Tuesday, November 25, 2014

Kia Ora

We are officially in New Zealand! The flight was great. We left Calgary, flew in to Vancouver, literally walked across to International and stepped onto our flight to Auckland. We flew all night, landed in Auckland at 6:30, walked upstairs and down, and stepped onto a bus taking us to an awaiting jet to Christchurch, arriving at 8:15 am. Nothing like leaving the afternoon of one day and arriving 1/2 way around the world with easy connections the next morning! In case we needed a reminder why we chose to travel to NZ for the winter months, we arrived to this kind of weather by 10:30 am.

We'll keep this update short. AJ checks in with a few trout. This one was sitting in a nice little seam on what was our favorite stream. It was feeding freely on nymphs and it took the dropper.

This 7.5lb brown was hugging the bank, sipping caddis and mayflies. The back cast was hindered by that willow, but a good drift took the fish. Once hooked, this fish went 70 yards upstream, jumping several times. HOT!


Another trout taken by an emerging mayfly along a good out turn on the river.

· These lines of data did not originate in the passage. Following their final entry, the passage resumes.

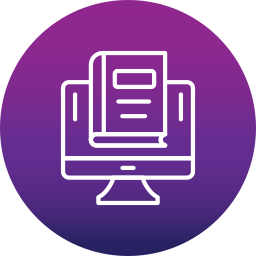 E learning icon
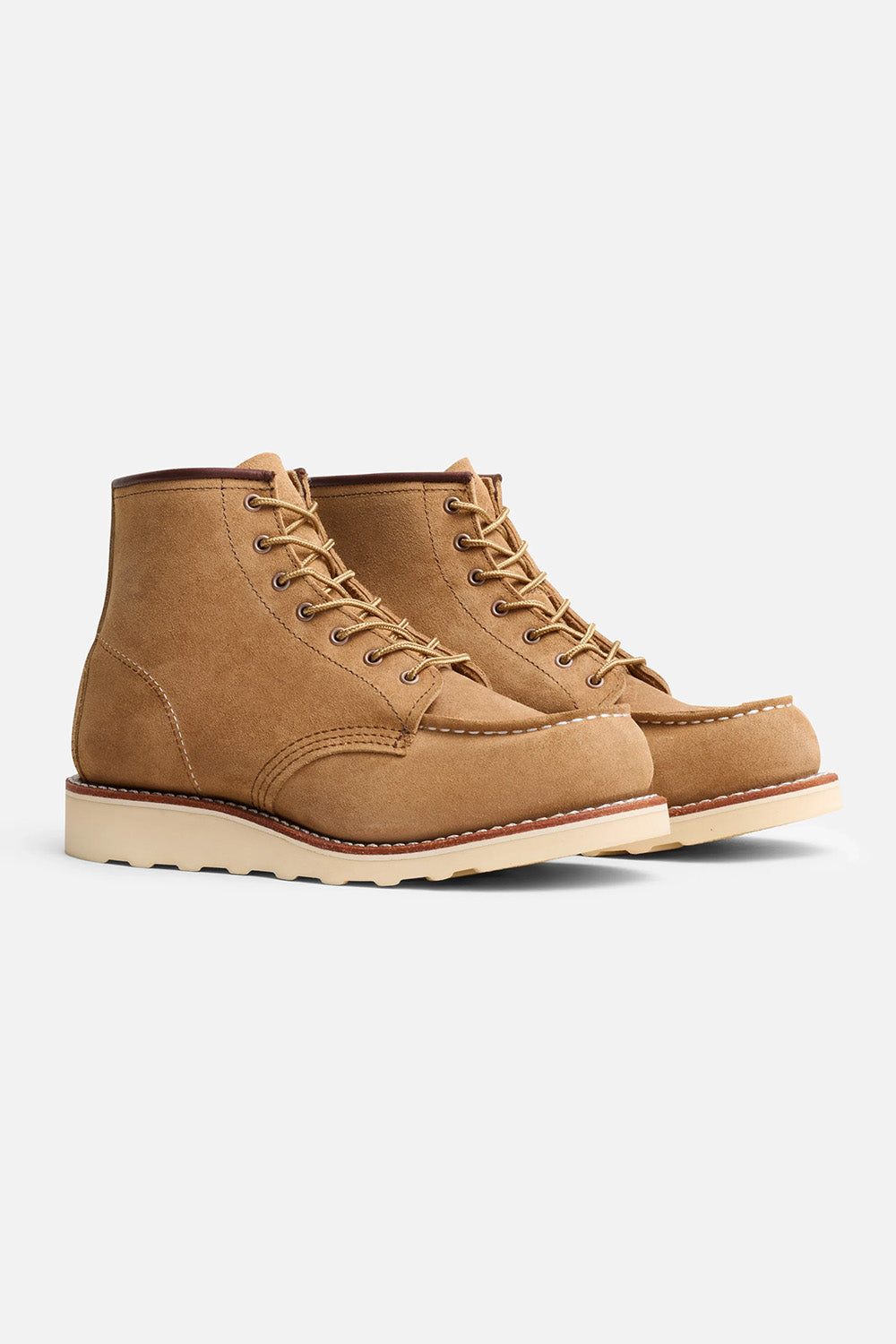 Red Wing - 6 Inch Moc Toe - Hawthorne - Profile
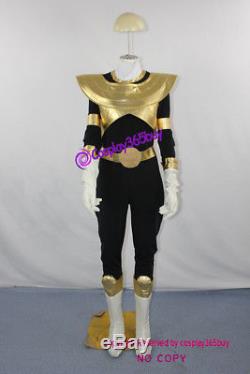 Power ranger Choriki Sentai Ohranger King Ranger Cosplay Costume incl boot cover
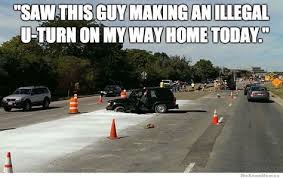 This Is What Happens When You Ignore Traffic Cones P Cops Humor Seriously Funny You Funny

A frustrating moment as AJ did a good side arm cast. The back cast was a mat of overhanging willows and the fish was feeding under the upstream overhanging willows. Tough on both ends. The second drift through, however, the cast got perfectly into the seam, the trout rose to take the nymph. The dry went down but the hook set saw the rod smack the willow behind her. The fish shook its head and no hook set. Bugger as it was a great bit of video.
AJ checks in with a heavy fish, just at the 8lb mark. We stumbled into this reach of water after having seen it briefly last year. We decided to make a go of it and struggled most of the day as there were multiple sets of fresh tracks and a well defined trail of tracks from the season all the way up this tiny water. But, we pushed up many km and found a few fish that weren`t so picky. We saw a nice trout holding against a white rock against the far bank. AJ stepped up and first cast this came to the dry. A good bit of video with this one. It was interesting as, having just let the fish go, we were again waling upstream when we looked back to the same white rock it held on. There was another trout feeding freely. It was a much darker fish and not the same. Dave`s turn. The first cast a good take on the dry but the fly set was quick. Two casts later the fish took again and a 6.5 lb brown landed. 14.5 lbs of brown from one rock in a foot of water. Sometimes you get lucky.